Is Obama Good for the Stock Market?

WASHINGTON (TheStreet) — Stock market returns are influenced by many factors. Interest rates, economic growth, currency exchange rates and expectations about the future play a part in returns, making projections difficult and risky.

One way to predict market performance is to look at presidential administrations. This may seem a little spurious at first, but the logic actually follows quite nicely.

Jeremy Grantham, chairman of the Boston-based asset manager GMO, echoed research by Marshall D. Nickles of Pepperdine University while speaking at the CFA Institute Annual Conference last week. Nickles' research, published in 2004, says the first and second year of a presidential term is usually marked by declining stocks. In the third year, stocks often generate above-average returns before retreating to averages in the fourth year.

This makes sense when you consider the way in which power is transitioned in the U.S. When the new administration takes over, the transition period is a lot of logistics and housecleaning while policy slowly takes shape. The first few quarters of a term can be a mishmash of old policy and new as the table is set for the next four years.

At this point, investors and companies are feeling out the new president to get an idea of how the next four years will play out and how their business may be impacted by Washington. This tentativeness can make buying slow and make bulls hesitant, keeping a lid on gains.

The second year sees more of the same as the first midterm election gets underway and the administration starts to get down to the business of putting in place objectives that may not have been marquee campaign promises, but are still viewed as critical to its vision.

By the third year, the vision for America that brought a president to the White House has likely taken hold and the country is probably feeling the effects of the regime's policy, without influence from the previous administration's actions on interest rates and spending. At this point, fiscal and monetary policies made under the previous leader no longer impact the new administration, which can take responsibility for the success or failure of the market and economy.

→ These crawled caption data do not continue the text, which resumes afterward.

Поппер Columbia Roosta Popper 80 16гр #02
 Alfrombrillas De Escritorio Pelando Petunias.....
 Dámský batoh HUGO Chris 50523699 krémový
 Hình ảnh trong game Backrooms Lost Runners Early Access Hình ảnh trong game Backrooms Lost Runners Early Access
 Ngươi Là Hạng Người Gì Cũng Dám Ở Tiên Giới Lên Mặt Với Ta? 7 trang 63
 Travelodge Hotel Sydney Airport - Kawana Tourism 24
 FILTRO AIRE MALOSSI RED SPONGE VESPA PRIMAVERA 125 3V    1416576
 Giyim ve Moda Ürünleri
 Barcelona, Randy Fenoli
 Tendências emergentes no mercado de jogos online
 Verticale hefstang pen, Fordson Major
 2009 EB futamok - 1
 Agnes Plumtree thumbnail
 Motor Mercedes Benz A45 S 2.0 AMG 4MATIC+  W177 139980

Nickles suggests in his 2004 paper that the most attractive strategy to exploit these trends would be to push into the stock market on Oct. 1 of the second year of the administration and sell out on Dec. 31 of the fourth year. This strategy would have turned $1,000 into $73,000 between 1952 and 2000. Those gains would have been severely hurt in the last year of President George W. Bush's tenure, when the market collapsed in the subprime crisis.